[DATA FOR THIS TASK]
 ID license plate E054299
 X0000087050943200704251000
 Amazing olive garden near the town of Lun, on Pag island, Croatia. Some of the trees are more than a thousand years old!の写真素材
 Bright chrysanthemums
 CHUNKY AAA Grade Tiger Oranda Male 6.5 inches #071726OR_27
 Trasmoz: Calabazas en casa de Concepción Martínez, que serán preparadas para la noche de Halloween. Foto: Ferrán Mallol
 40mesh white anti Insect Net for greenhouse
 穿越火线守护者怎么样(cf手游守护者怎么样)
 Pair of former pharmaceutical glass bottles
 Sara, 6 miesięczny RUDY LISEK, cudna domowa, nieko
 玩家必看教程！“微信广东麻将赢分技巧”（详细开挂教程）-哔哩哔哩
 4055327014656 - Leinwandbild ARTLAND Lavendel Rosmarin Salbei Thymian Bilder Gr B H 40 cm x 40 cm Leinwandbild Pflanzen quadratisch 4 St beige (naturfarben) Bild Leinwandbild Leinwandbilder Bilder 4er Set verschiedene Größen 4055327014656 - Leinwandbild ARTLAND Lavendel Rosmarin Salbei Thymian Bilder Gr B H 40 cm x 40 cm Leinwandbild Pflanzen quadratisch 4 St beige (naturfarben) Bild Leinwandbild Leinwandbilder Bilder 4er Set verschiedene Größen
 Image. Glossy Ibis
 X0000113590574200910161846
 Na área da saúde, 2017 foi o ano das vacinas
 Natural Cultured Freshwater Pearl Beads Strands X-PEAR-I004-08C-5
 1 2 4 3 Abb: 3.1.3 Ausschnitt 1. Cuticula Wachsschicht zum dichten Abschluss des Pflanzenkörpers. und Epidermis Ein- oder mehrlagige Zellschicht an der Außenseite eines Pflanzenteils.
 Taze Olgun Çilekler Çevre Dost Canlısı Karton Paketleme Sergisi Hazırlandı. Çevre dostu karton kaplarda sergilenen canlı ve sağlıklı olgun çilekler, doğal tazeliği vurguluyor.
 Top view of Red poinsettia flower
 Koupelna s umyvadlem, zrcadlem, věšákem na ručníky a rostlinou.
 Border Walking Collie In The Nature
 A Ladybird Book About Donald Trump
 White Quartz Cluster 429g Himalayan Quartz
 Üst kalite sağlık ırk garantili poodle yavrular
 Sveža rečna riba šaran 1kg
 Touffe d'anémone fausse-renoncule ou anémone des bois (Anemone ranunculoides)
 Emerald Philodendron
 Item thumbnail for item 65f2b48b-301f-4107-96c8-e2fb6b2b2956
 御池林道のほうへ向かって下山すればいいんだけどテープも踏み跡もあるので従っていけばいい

[EXERCISE PROMPT]
A complete, exact transcription of the data above is the required answer.

[EXERCISE RESPONSE]
 ID license plate E054299
 X0000087050943200704251000
 Amazing olive garden near the town of Lun, on Pag island, Croatia. Some of the trees are more than a thousand years old!の写真素材
 Bright chrysanthemums
 CHUNKY AAA Grade Tiger Oranda Male 6.5 inches #071726OR_27
 Trasmoz: Calabazas en casa de Concepción Martínez, que serán preparadas para la noche de Halloween. Foto: Ferrán Mallol
 40mesh white anti Insect Net for greenhouse
 穿越火线守护者怎么样(cf手游守护者怎么样)
 Pair of former pharmaceutical glass bottles
 Sara, 6 miesięczny RUDY LISEK, cudna domowa, nieko
 玩家必看教程！“微信广东麻将赢分技巧”（详细开挂教程）-哔哩哔哩
 4055327014656 - Leinwandbild ARTLAND Lavendel Rosmarin Salbei Thymian Bilder Gr B H 40 cm x 40 cm Leinwandbild Pflanzen quadratisch 4 St beige (naturfarben) Bild Leinwandbild Leinwandbilder Bilder 4er Set verschiedene Größen 4055327014656 - Leinwandbild ARTLAND Lavendel Rosmarin Salbei Thymian Bilder Gr B H 40 cm x 40 cm Leinwandbild Pflanzen quadratisch 4 St beige (naturfarben) Bild Leinwandbild Leinwandbilder Bilder 4er Set verschiedene Größen
 Image. Glossy Ibis
 X0000113590574200910161846
 Na área da saúde, 2017 foi o ano das vacinas
 Natural Cultured Freshwater Pearl Beads Strands X-PEAR-I004-08C-5
 1 2 4 3 Abb: 3.1.3 Ausschnitt 1. Cuticula Wachsschicht zum dichten Abschluss des Pflanzenkörpers. und Epidermis Ein- oder mehrlagige Zellschicht an der Außenseite eines Pflanzenteils.
 Taze Olgun Çilekler Çevre Dost Canlısı Karton Paketleme Sergisi Hazırlandı. Çevre dostu karton kaplarda sergilenen canlı ve sağlıklı olgun çilekler, doğal tazeliği vurguluyor.
 Top view of Red poinsettia flower
 Koupelna s umyvadlem, zrcadlem, věšákem na ručníky a rostlinou.
 Border Walking Collie In The Nature
 A Ladybird Book About Donald Trump
 White Quartz Cluster 429g Himalayan Quartz
 Üst kalite sağlık ırk garantili poodle yavrular
 Sveža rečna riba šaran 1kg
 Touffe d'anémone fausse-renoncule ou anémone des bois (Anemone ranunculoides)
 Emerald Philodendron
 Item thumbnail for item 65f2b48b-301f-4107-96c8-e2fb6b2b2956
 御池林道のほうへ向かって下山すればいいんだけどテープも踏み跡もあるので従っていけばいい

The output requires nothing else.